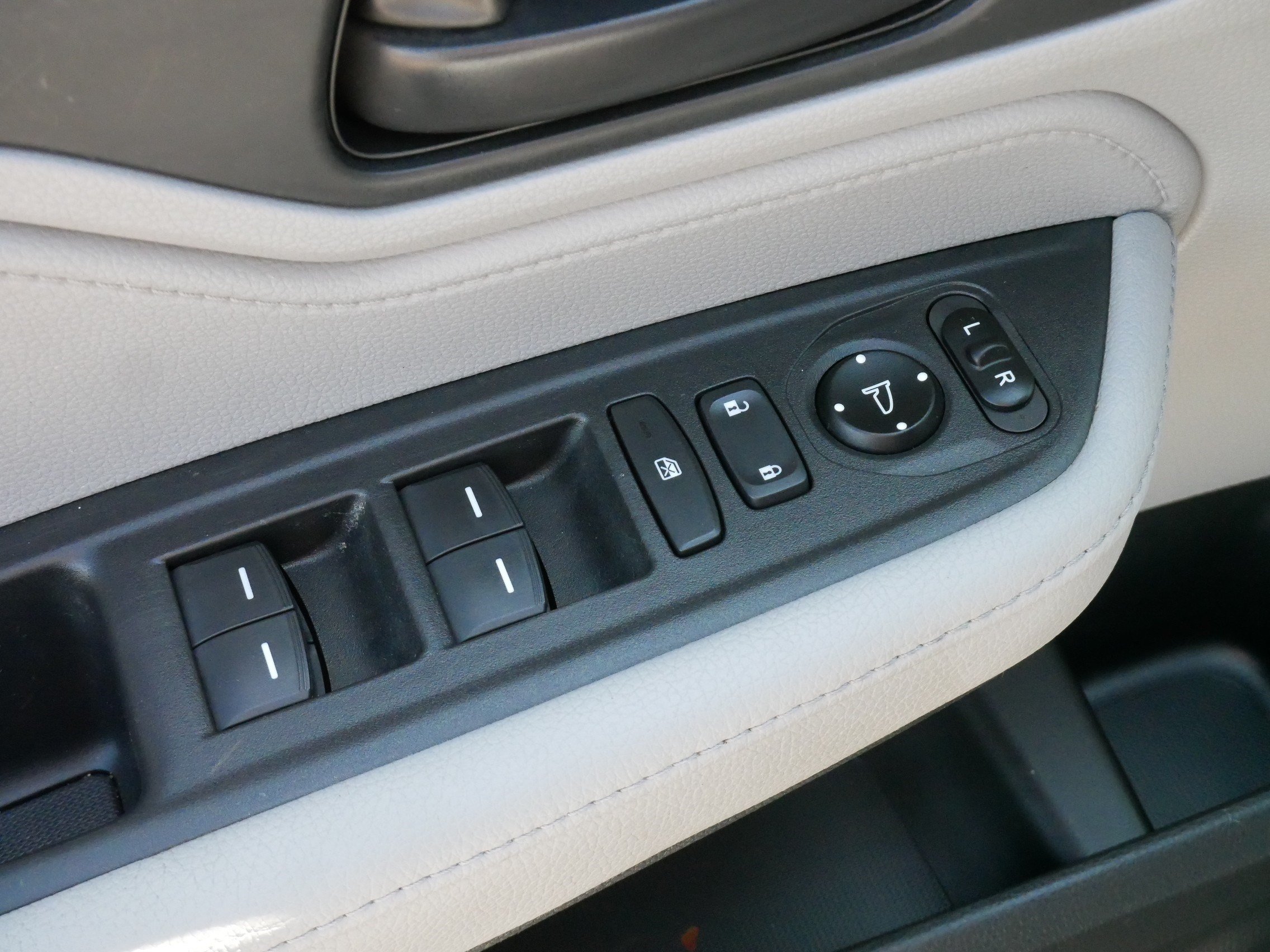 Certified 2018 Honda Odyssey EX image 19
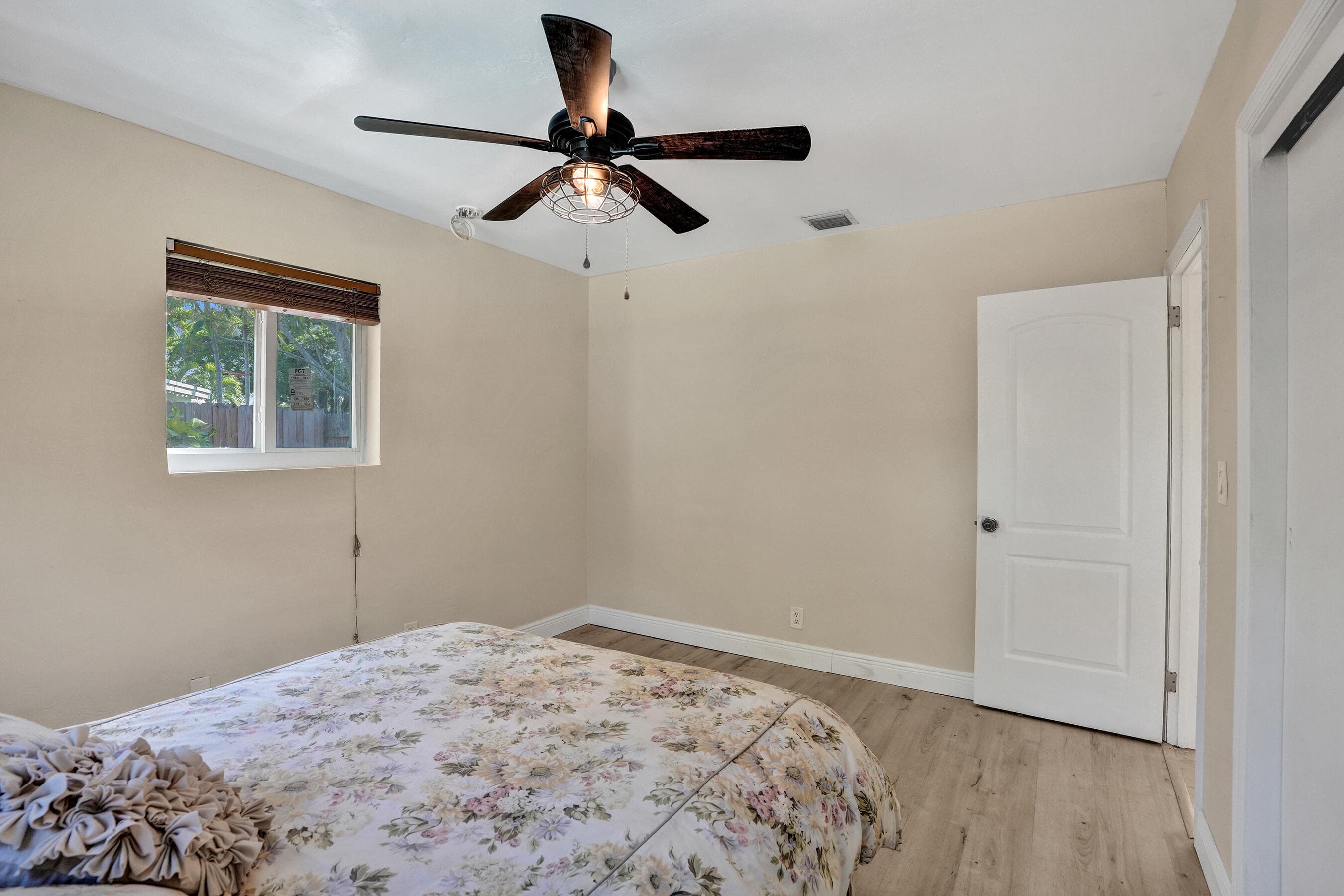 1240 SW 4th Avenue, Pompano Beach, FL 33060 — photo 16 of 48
--------------------------------
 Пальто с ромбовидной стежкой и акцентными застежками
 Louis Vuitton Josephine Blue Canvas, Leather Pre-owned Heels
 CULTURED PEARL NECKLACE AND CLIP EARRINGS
--------------------------------
### Problem to solve
Among the entries above, copy exactly the stretch from the line holding "Certified 2018 Honda Odyssey EX image 19" through the line holding "1240 SW 4th", leaving out any pictures.

### Answer section
 Certified 2018 Honda Odyssey EX image 19
 1240 SW 4th Avenue, Pompano Beach, FL 33060 — photo 16 of 48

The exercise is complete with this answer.